What the exercise asks: A word-for-word printout of the listing below is needed.

Data for processing:
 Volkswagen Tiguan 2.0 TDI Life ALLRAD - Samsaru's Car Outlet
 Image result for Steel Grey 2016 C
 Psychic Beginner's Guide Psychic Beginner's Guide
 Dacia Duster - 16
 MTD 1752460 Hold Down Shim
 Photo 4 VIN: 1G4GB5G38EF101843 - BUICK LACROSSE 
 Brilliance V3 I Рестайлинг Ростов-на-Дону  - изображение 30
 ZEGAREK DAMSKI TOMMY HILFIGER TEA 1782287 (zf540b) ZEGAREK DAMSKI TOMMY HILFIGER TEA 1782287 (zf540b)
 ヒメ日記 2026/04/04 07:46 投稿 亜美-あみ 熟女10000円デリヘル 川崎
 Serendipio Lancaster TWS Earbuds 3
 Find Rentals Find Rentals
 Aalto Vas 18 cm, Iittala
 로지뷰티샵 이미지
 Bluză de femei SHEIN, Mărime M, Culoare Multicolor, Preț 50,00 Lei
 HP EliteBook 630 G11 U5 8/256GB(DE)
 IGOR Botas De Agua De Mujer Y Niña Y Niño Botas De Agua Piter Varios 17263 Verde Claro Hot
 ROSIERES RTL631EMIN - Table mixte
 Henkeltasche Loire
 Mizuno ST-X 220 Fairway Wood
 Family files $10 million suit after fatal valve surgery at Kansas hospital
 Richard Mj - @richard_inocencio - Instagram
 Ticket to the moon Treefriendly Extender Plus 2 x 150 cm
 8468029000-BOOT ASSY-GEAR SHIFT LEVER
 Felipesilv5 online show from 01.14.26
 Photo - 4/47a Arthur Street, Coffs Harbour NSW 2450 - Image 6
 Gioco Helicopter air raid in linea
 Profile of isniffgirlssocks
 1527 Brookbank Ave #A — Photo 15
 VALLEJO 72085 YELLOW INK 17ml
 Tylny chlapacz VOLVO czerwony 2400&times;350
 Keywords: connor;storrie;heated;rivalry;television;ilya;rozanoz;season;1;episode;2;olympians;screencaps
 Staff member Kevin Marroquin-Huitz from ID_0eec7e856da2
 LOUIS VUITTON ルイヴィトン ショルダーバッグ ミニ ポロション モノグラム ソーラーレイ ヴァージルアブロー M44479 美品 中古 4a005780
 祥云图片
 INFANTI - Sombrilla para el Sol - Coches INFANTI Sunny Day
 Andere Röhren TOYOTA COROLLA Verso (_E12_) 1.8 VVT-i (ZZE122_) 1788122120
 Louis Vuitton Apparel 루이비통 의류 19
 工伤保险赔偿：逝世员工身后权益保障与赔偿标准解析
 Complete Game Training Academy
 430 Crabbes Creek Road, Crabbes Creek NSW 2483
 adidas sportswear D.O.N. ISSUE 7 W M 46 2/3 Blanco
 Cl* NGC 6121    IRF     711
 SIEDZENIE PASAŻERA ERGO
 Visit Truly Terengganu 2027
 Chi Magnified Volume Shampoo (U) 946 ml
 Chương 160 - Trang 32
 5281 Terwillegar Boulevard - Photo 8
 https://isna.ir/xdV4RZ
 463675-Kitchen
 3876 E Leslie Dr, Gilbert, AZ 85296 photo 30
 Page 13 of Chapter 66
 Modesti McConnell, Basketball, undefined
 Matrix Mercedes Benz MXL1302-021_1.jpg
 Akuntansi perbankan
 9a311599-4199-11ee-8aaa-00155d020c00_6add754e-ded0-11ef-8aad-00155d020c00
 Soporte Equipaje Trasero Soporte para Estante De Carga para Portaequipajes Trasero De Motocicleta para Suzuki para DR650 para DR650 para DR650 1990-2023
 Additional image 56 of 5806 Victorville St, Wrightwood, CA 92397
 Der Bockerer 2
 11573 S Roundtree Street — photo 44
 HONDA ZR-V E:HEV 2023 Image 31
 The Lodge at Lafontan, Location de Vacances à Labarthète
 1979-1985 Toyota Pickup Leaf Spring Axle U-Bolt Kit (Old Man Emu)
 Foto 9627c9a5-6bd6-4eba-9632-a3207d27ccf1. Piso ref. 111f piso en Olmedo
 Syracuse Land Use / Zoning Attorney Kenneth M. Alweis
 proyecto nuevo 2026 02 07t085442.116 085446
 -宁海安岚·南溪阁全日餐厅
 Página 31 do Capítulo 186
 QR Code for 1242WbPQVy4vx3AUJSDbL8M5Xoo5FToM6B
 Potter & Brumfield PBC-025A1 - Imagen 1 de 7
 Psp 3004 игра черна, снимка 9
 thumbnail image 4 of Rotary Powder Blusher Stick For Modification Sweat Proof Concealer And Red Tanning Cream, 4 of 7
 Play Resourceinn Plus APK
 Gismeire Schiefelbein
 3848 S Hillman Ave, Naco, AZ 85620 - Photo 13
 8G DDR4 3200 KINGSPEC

Solution to this exercise:
 Volkswagen Tiguan 2.0 TDI Life ALLRAD - Samsaru's Car Outlet
 Image result for Steel Grey 2016 C
 Psychic Beginner's Guide Psychic Beginner's Guide
 Dacia Duster - 16
 MTD 1752460 Hold Down Shim
 Photo 4 VIN: 1G4GB5G38EF101843 - BUICK LACROSSE 
 Brilliance V3 I Рестайлинг Ростов-на-Дону  - изображение 30
 ZEGAREK DAMSKI TOMMY HILFIGER TEA 1782287 (zf540b) ZEGAREK DAMSKI TOMMY HILFIGER TEA 1782287 (zf540b)
 ヒメ日記 2026/04/04 07:46 投稿 亜美-あみ 熟女10000円デリヘル 川崎
 Serendipio Lancaster TWS Earbuds 3
 Find Rentals Find Rentals
 Aalto Vas 18 cm, Iittala
 로지뷰티샵 이미지
 Bluză de femei SHEIN, Mărime M, Culoare Multicolor, Preț 50,00 Lei
 HP EliteBook 630 G11 U5 8/256GB(DE)
 IGOR Botas De Agua De Mujer Y Niña Y Niño Botas De Agua Piter Varios 17263 Verde Claro Hot
 ROSIERES RTL631EMIN - Table mixte
 Henkeltasche Loire
 Mizuno ST-X 220 Fairway Wood
 Family files $10 million suit after fatal valve surgery at Kansas hospital
 Richard Mj - @richard_inocencio - Instagram
 Ticket to the moon Treefriendly Extender Plus 2 x 150 cm
 8468029000-BOOT ASSY-GEAR SHIFT LEVER
 Felipesilv5 online show from 01.14.26
 Photo - 4/47a Arthur Street, Coffs Harbour NSW 2450 - Image 6
 Gioco Helicopter air raid in linea
 Profile of isniffgirlssocks
 1527 Brookbank Ave #A — Photo 15
 VALLEJO 72085 YELLOW INK 17ml
 Tylny chlapacz VOLVO czerwony 2400&times;350
 Keywords: connor;storrie;heated;rivalry;television;ilya;rozanoz;season;1;episode;2;olympians;screencaps
 Staff member Kevin Marroquin-Huitz from ID_0eec7e856da2
 LOUIS VUITTON ルイヴィトン ショルダーバッグ ミニ ポロション モノグラム ソーラーレイ ヴァージルアブロー M44479 美品 中古 4a005780
 祥云图片
 INFANTI - Sombrilla para el Sol - Coches INFANTI Sunny Day
 Andere Röhren TOYOTA COROLLA Verso (_E12_) 1.8 VVT-i (ZZE122_) 1788122120
 Louis Vuitton Apparel 루이비통 의류 19
 工伤保险赔偿：逝世员工身后权益保障与赔偿标准解析
 Complete Game Training Academy
 430 Crabbes Creek Road, Crabbes Creek NSW 2483
 adidas sportswear D.O.N. ISSUE 7 W M 46 2/3 Blanco
 Cl* NGC 6121    IRF     711
 SIEDZENIE PASAŻERA ERGO
 Visit Truly Terengganu 2027
 Chi Magnified Volume Shampoo (U) 946 ml
 Chương 160 - Trang 32
 5281 Terwillegar Boulevard - Photo 8
 https://isna.ir/xdV4RZ
 463675-Kitchen
 3876 E Leslie Dr, Gilbert, AZ 85296 photo 30
 Page 13 of Chapter 66
 Modesti McConnell, Basketball, undefined
 Matrix Mercedes Benz MXL1302-021_1.jpg
 Akuntansi perbankan
 9a311599-4199-11ee-8aaa-00155d020c00_6add754e-ded0-11ef-8aad-00155d020c00
 Soporte Equipaje Trasero Soporte para Estante De Carga para Portaequipajes Trasero De Motocicleta para Suzuki para DR650 para DR650 para DR650 1990-2023
 Additional image 56 of 5806 Victorville St, Wrightwood, CA 92397
 Der Bockerer 2
 11573 S Roundtree Street — photo 44
 HONDA ZR-V E:HEV 2023 Image 31
 The Lodge at Lafontan, Location de Vacances à Labarthète
 1979-1985 Toyota Pickup Leaf Spring Axle U-Bolt Kit (Old Man Emu)
 Foto 9627c9a5-6bd6-4eba-9632-a3207d27ccf1. Piso ref. 111f piso en Olmedo
 Syracuse Land Use / Zoning Attorney Kenneth M. Alweis
 proyecto nuevo 2026 02 07t085442.116 085446
 -宁海安岚·南溪阁全日餐厅
 Página 31 do Capítulo 186
 QR Code for 1242WbPQVy4vx3AUJSDbL8M5Xoo5FToM6B
 Potter & Brumfield PBC-025A1 - Imagen 1 de 7
 Psp 3004 игра черна, снимка 9
 thumbnail image 4 of Rotary Powder Blusher Stick For Modification Sweat Proof Concealer And Red Tanning Cream, 4 of 7
 Play Resourceinn Plus APK
 Gismeire Schiefelbein
 3848 S Hillman Ave, Naco, AZ 85620 - Photo 13
 8G DDR4 3200 KINGSPEC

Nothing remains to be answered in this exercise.